The primary concern about "click-fraud" is that you're being charged for clicks that were meant to intentionally drive your costs up. In essence this means wasting money, since you can't really track who meant to click and who didn't. This adds up to tens of thousands of dollars very quickly.
The irony is that many of the companies that are uncomfortable with this medium for advertising is that they're perfectly willing to spend millions on TV and print advertising where they can't even reliably track anything. And worse, they have to hope the people that actually give a damn about their product or service are even in the market. I don't know about you, but I get my drink, go to the bathroom, and pop popcorn during commercials. With online advertising -- especially on search engines -- people only see your commercials [ads] because they were looking for something related. (I could go on a tangent here about how a clothing company will bid on keywords related to automobiles... maybe later.)
Having worked in the online advertising/marketing industry (tech sector) for over 2 years now, this problem is not easily solved. The fraudsters know all about proxies, onion routing, and a host of other tricks to drive up the costs of competitors. Then, there are those that simply think it's clever to generate traffic (on IRC we called them spammers, floodbots, etc.).

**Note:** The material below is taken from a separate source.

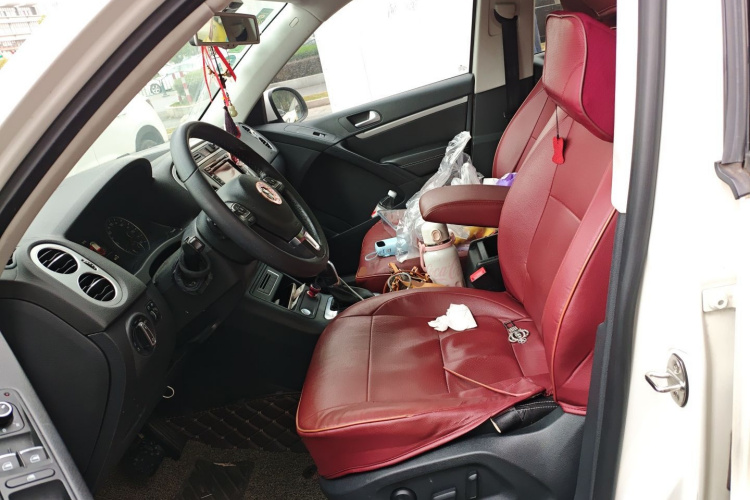 大众 途观 2016款 300TSI 自动四驱豪华版中控内饰19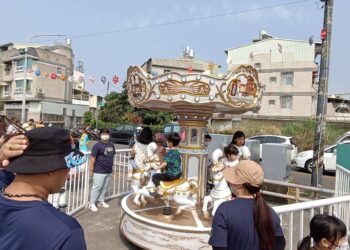 長治鄉兒童節嘉年華　遊樂設施＋美食陪孩子快樂成長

We provide our clients with click-fraud reporting using our algorithms. They're pretty accurate. But, this accuracy is based on a model, which is based on 50% hard data, and 50% conjecture. What's missing with our reporting is that Google, Yahoo!, and MSN don't give it any weight, and frankly dismiss it.

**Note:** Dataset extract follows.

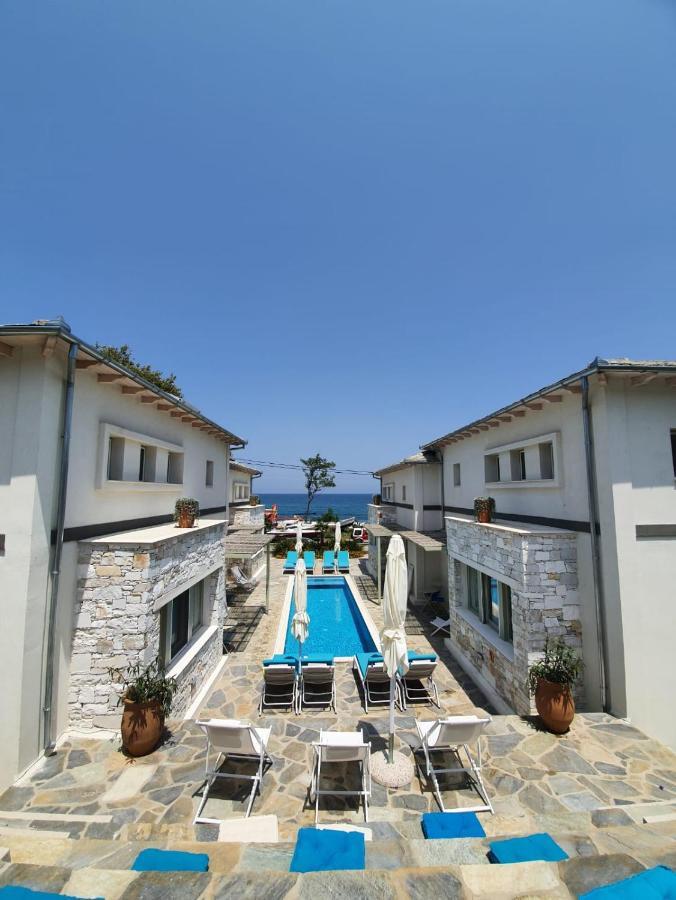 Sea And Sun Luxury Pools' Villas Khorevtón Buitenkant foto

I'm hopeful that this "coming together" will help client confidence so they can move away from [nearly] untrackable advertising on TV, print, and radio. It all starts with "the big 3" -- if they're willing to assist, it's much better than a 3rd party trying to decipher 3rd party results and then have to prove it to "the big 3."
My ZooLoo
It's impressive that these rivals have banded together to address click-fraud, but don't forget that Google has other tricks up its corporate sleeves. As seen here a little while back, they are also looking into "cost per action" ads, which would eliminate the fraud unless the action itself could be performed in a fraudulent manner. (Bruce Schneier mentioned it in a commentary about click fraud.)

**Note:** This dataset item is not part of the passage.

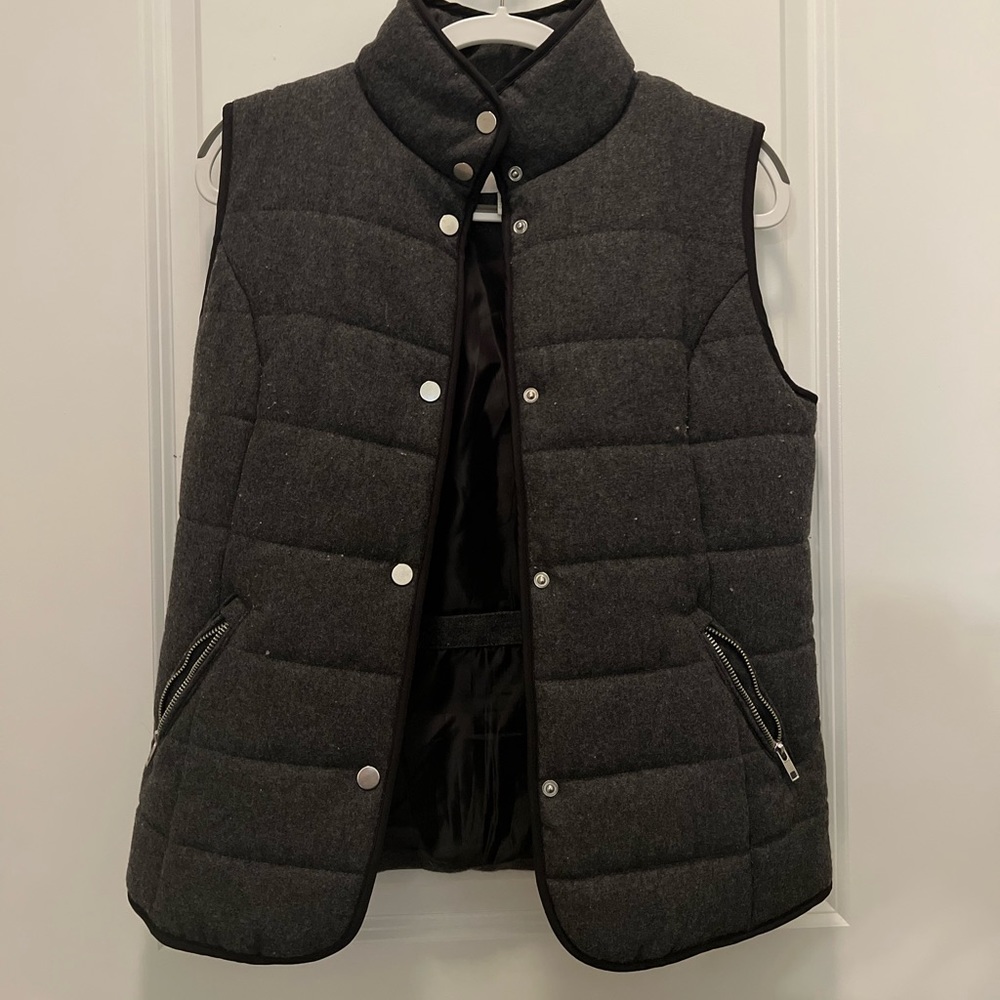 Grey vest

proof, n. A demonstration that a conclusion is implied by certain premises and axioms.
The irony is that many of the companies that are uncomfortable with this medium for advertising is that they're perfectly willing to spend millions on TV and print advertising where they can't even reliably track anything.
Woah there! You had it right in the first paragraph when you said that the problem was "being charged for clicks that were meant to intentionally drive your costs up". Now all of a sudden you're on a completely different subject: the question of whether you can measure viewer response to the ad. If you sign up for a traditional TV, print, or radio ad, you can only estimate your response rate based on market research, but you know exactly what your outgoing costs are. With pay-per-click web ads, the situation is pretty much the other way around: you get good data about user activity, but your costs can only be estimated, and are subject to escalation by fraud.
But pay-per-click isn't the only revenue model out there. Pay-per-impression is considerably less prone to fraud (it can't be easily targeted if ads are randomised), and pay-per-day returns costs to the known-in-advance state. Both of these still allow tracking of user activity.
As a small-time ad-space provider, I'd far rather be hosting this kind of fraud-proof ad. That way the ad-broker can't arbitrarily accuse me of click fraud and suspend my account. It hasn't happened to me, personally, but I'm acutely aware that it could happen at any time without notice, and this precludes me from even considering it as a reliable source of income.
proof, n. A demonstration that a conclusion is implied by certain premises and axioms.
If you read the article, one of the things they say is how hard it is to determine the "intent" of the person clicking the ad. Are they serious shoppers, casual browsers, or even one of those teenagers who sign up for those click-for-profit type schemes. Well duh!
:-/
I often find myself clicking on many links for sites I dislike, knowing that each click is costing them money; just 'cause I feel like it
Also, opening a page in a Firefox tab, and closing the tab (without viewing it), is also a pretty nice way to run up costs for some sites. And if thousands of people do this per day...
It's a silly business model these advertisers have.